The application management documentation for Chef Desktop is under active development. Check back for upcoming enhancements and improvements.

Chef Software’s Desktop pattern and tools expands familiar device management systems with extensive application and configuration capabilities that are designed to scale with automation.

Chef Desktop provides a cookbook with YAML settings that covers the most common (and some less common) device configuration needs. Of course, we continue to support and improve our classic Ruby cookbook customizations for when you need to go beyond the ordinary. The Chef Desktop pattern sets you up to manage applications with a CDN, so even when one thousand devices in your fleet means managing ten thousand applications, your Windows and macOS users can still access them through a unified catalog. Chef Desktop uses Chef Software’s leading tools, providing observability, compliance reporting, and an audit trail as part of the process.

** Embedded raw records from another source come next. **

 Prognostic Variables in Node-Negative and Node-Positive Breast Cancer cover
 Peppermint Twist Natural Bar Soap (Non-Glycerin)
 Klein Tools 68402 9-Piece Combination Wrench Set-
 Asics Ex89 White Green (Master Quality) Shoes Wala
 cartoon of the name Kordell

This guide covers automating the Chef Desktop pattern to manage your macOS and Windows devices.

Configuration Overview

A work triangle is in play in Chef Desktop. The first leg is the Chef Infra Server with Chef Automate that holds and applies configurations to your nodes. The second leg is a Developer node running Chef Workstation from which you create and define the policies and settings that the Chef Infra Server metes out. The third leg of the triangle is the list of nodes to which the various polices and settings are applied.

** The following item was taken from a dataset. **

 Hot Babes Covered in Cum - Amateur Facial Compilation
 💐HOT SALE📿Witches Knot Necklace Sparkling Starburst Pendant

The automation process follows these steps:

  1. A node, such as a laptop or desktop, boots up the very first time and checks in with either Apple Business Manager (ABM) or Azure.
  2. ABM or Azure reports the device as managed and redirects it to Microsoft Intune for management.
  3. Microsoft Intune captures and provisions the device in the time between a user selecting next on the sign in screen and the desktop opening.

This guide helps you:

  • Build out your Azure Instance
  • Build a InstallApplications package to bootstrap macOS
  • Build and deploy Munki to deploy apps to the macOS devices
  • Write the PowerShell scripts needed to bootstrap Windows
  • Build and deploy Gorilla to deploy apps to Windows devices

Prerequisites

This guide assumes you have completed the previous steps:

  1. Install Chef Components
  2. Chef Desktop Cookbook Development Environment
  3. The Chef Desktop Development Pattern

Required Software

Integrating Chef Desktop with Microsoft Intune and Windows Autopilot software and subscriptions as well as specific software for macOS and Windows systems.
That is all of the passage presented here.